The ascendancy of DEI in higher education didn’t happen all at once. Racial preferences were first framed as “affirmative action” in the early 1960s, but were challenged in a series of court cases that culminated with the 1978 Supreme Court case, University of California v. Bakke, where the court ruled that, while racial preferences were an illegal form of discrimination, the pursuit of “diversity” may, under “strict scrutiny,” be legitimate. Thus was born the D in DEI. The court cases kept coming and so did ever more ingenious rationalizations. In 2003, the Supreme Court handed down the decision, in Grutter v. Bollinger, that enshrined the “diversity” principle in more robust law. Around the same time, diversiphiles began to speak more emphatically about “equity” and “inclusion” as necessary extensions of diversity.

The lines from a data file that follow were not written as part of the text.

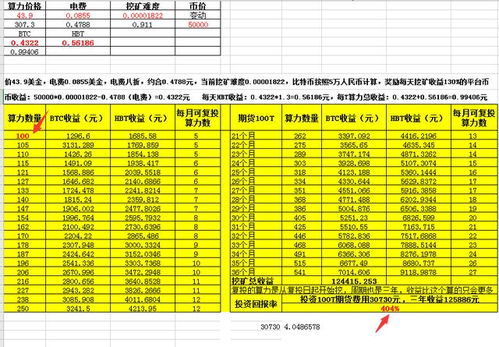 目前开采一个比特币最低成本,多久能挖到一个比特币？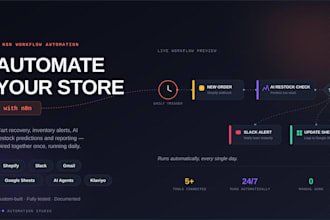 create ecommerce automation with n8n for shopify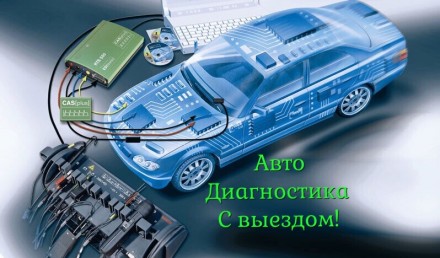 СТО " AutoTest-Servis"

Качественно и недорого

Окажем Вам услуги:. . фото 3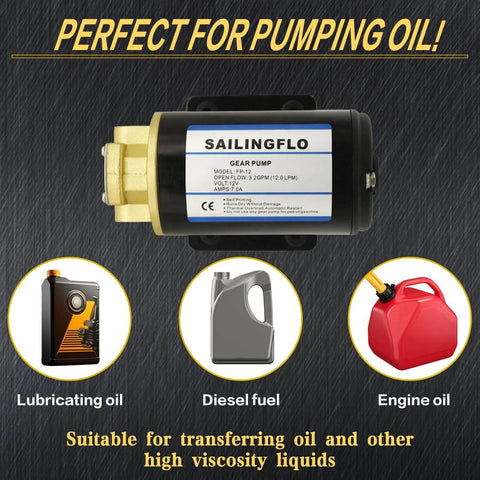 12V Gear Pump-3.2 GPM Self-Priming Impeller Oil Transfer for Machinery Fuel, Viscous Liquids, Lubricant, Diesel Engine Scavenge Extractor Pump (84W, 12 LPM) shown with lubricating oil, diesel fuel, engine oil usage.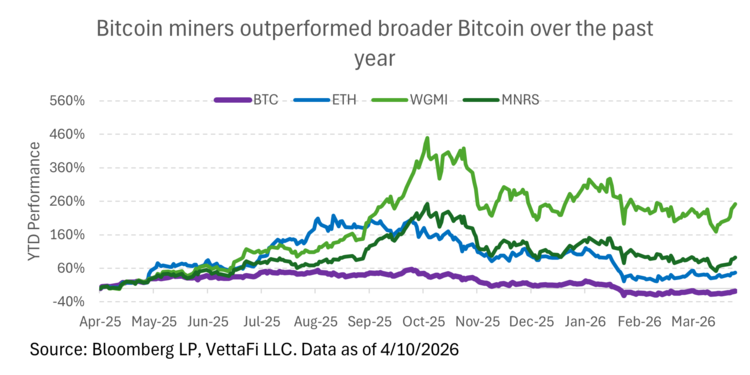 Bitcoin miners are no longer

Diversity gerrymandering, however, never delivered on its promises. Students admitted with lower grades and lower test scores consistently underperformed students with higher grades and higher test scores. Imagine that.
DEI is a kind of acid that dissolves whatever educational standards it encounters. Its presence in higher education has helped to lower standards for reading, writing, history and foreign-language study because these too can be obstacles for students who do not measure up under traditional standards.

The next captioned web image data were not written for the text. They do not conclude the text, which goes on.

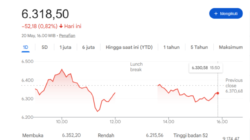 ihsg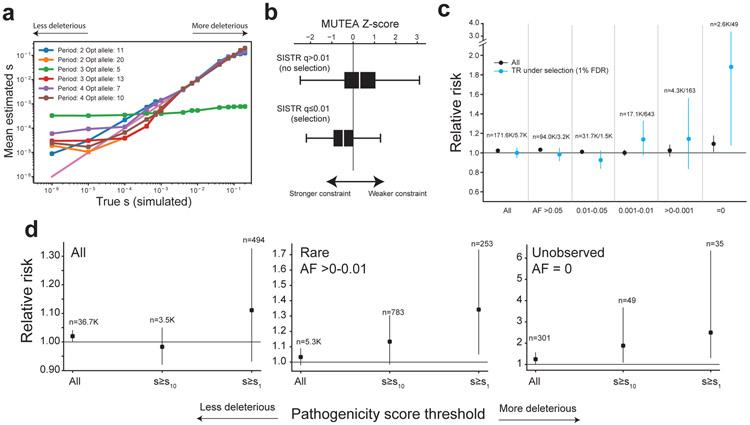 https://cdn.ncbi.nlm.nih.gov/pmc/blobs/bf24/7810352/71d8e0e12d21/nihms-1649375-f0004.jpg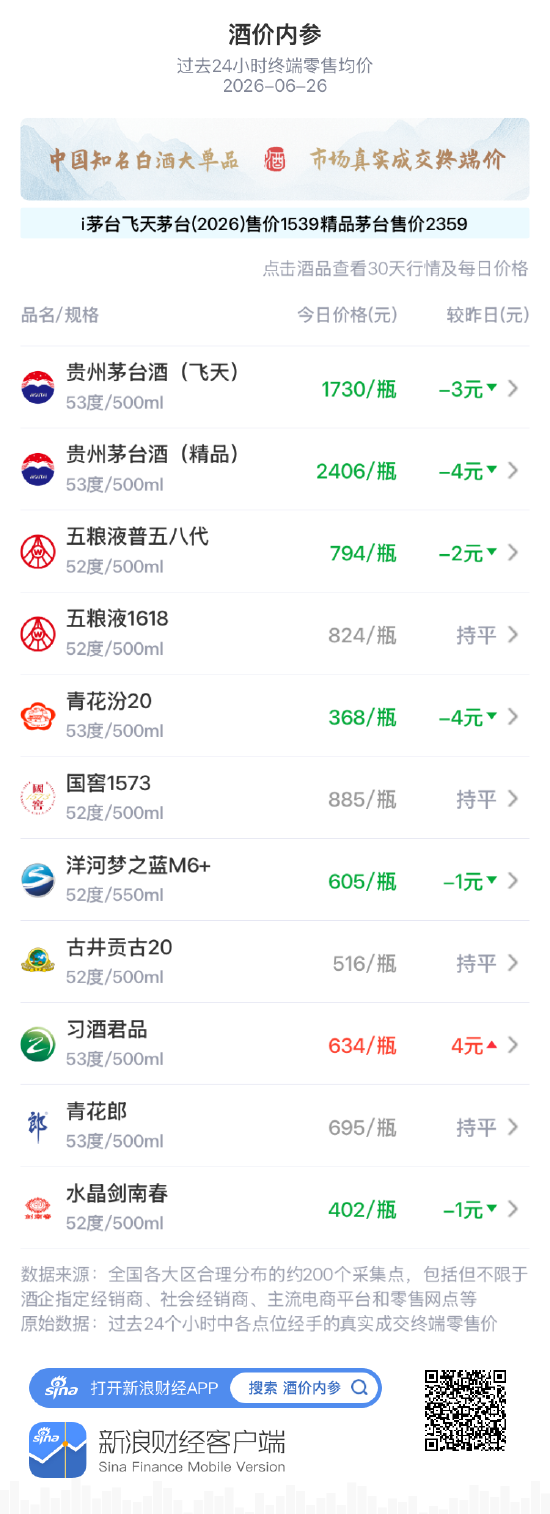 酒价内参6月26日价格发布：飞天茅台下跌3元
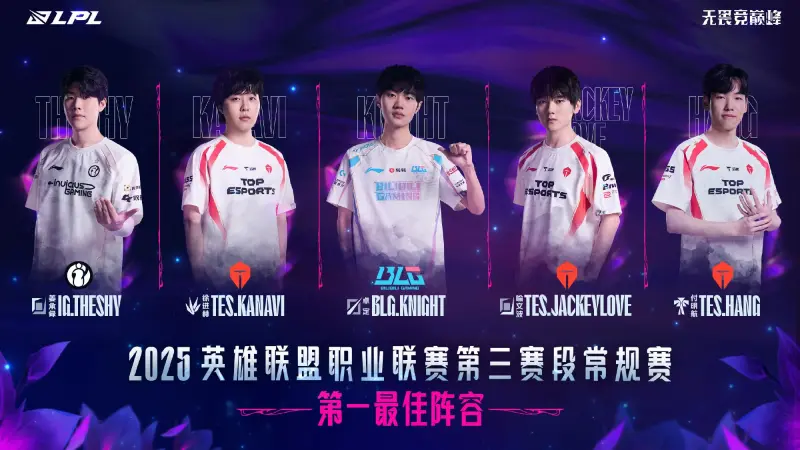开云体育官方下载-第三赛段最佳一阵：TheShy/Kanavi/Knight/JackeyLove/Hang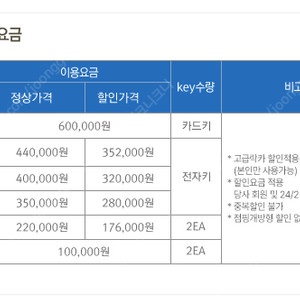 무주 설천 가족A형 락카 구합니다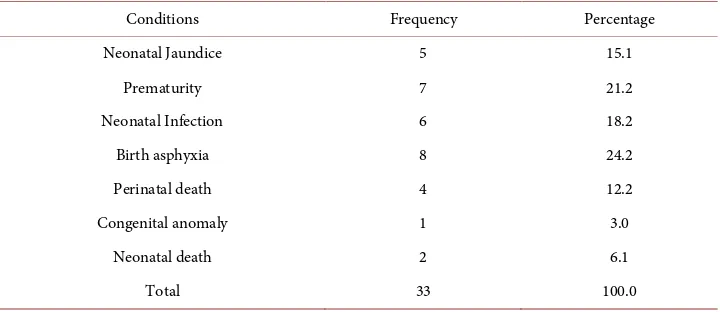 Table 4. Post-operative fetal complications. 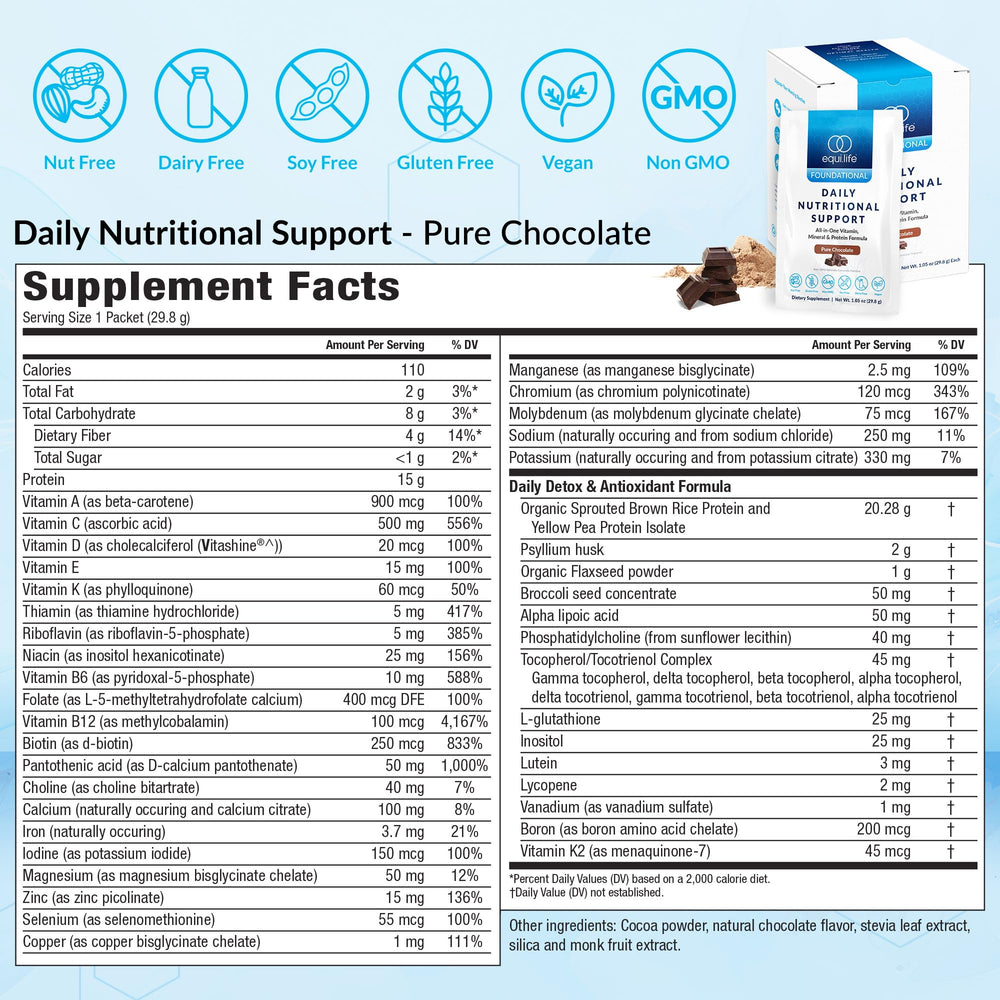 Equilife Daily Nutritional Support smoothie in glass showing convenient daily energy.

Harvard, for instance, has established a “pilot program” to teach foundational algebra to students. Algebra is traditionally taught in eighth or ninth grade in the US. That one of our most elite institutions has found the need to teach remedial math – on a five-day per week schedule – is appalling.
But this decline is not inevitable and it isn’t a fact of nature. It is the result of deliberate decisions, promoted in schools of education and among teachers, to prioritize low standards of intellectual performance on the part of students. Were we to move out of the “go slow” DEI lane and on to the highway of traditional standards, everyone, including minority students, would do much better.
Another of Trump’s EOs, “Removing Barriers to American Leadership in Artificial Intelligence,” points to a route by which we can get back on track for educational achievement. Many teachers are, of course, alarmed that AI could undermine academic discipline. But AI, done right, can bypass the educationalists who swaddle their students in the banalities of “anti-racism” or the fairy tales of the 1619 Project. AI and the access it brings to great teaching may be our best hope of restoring human genius following an age of educational mediocrity. And it can cheer us all up along the way.
In the 1950 movie Summer Stock, Judy Garland performs a number which opens with six or seven dark-suited men collapsing in despair. As the last of them falls, Garland (with fedora and magnificent stockinged gams) sings:
Forget your troubles, come on get happy You better chase all your cares away Shout “hallelujah,” come on get happy Get ready for the judgment day.
Naturally, she resurrects all those defeated men. Getting happy again, it seems, is the key to revival.
“American nihilism is a mood; a mood of moodiness; a vague disquiet. It is nihilism without the abyss,” wrote Allan Bloom in 1987’s The Closing of the American Mind. Enough of the age of neurosis, nihilism and negation. Our obsession with relativism and horror of our own culture is what created the gloom, so let’s dispel it with the great treasures of western civilization – music, literature, dance.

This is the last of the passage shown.